NZ shares fall led by Metro Performance Glass

By Sophie Boot

The NZX ticker on the building downtown. Photo / File
The NZX ticker on the building downtown. Photo / File

New Zealand shares fell as Metro Performance Glass, Ryman Healthcare and Auckland International Airport declined while A2 Milk gained following its annual meeting.

The S&P/NZX 50 Index dropped 32.55 points, or 0.5 per cent, to 6,816.4. Within the index, 27 stocks fell, 19 rose and five were unchanged.

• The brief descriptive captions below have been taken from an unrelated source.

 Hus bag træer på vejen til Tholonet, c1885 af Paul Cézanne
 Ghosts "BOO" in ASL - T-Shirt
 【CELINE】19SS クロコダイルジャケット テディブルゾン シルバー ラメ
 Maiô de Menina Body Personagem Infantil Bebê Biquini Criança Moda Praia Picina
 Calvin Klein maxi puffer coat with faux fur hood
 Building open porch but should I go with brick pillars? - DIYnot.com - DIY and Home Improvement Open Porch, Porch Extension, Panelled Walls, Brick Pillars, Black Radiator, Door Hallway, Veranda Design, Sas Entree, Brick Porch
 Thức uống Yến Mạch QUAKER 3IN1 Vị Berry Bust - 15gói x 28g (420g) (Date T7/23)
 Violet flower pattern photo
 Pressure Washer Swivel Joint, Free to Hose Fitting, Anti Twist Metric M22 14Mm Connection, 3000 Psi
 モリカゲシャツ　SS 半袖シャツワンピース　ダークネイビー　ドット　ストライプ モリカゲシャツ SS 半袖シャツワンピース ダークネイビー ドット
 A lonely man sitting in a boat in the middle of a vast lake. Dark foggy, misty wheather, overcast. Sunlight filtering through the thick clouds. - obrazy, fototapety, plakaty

Turnover was $158.1 million.

Metro Performance Glass led the index lower, down 3.9 per cent to $2. The company yesterday reported a 5 per cent gain in first-half profit to $11.5 million on a 23 per cent lift in revenue to $116.3 million, as it benefited from a strong local construction market and booked a one-time gain from its acquisition of Australian Glass Group

"It's a little weak following yesterday's result, the stock's been an extremely strong performer of late but there probably wasn't quite the operational leverage that some of the bigger bulls in the market would've been hoping for," said Matt Goodson, managing director at Salt Funds Management.

"The company needs to deliver a result that they are cranking in this environment - because if not now, then when? You could not have a better environment."

Ryman Healthcare fell 2.7 per cent to $8.58, Auckland International Airport dropped 2.4 per cent to $6.05, and Sky Network Television declined 2.2 per cent to $4.43.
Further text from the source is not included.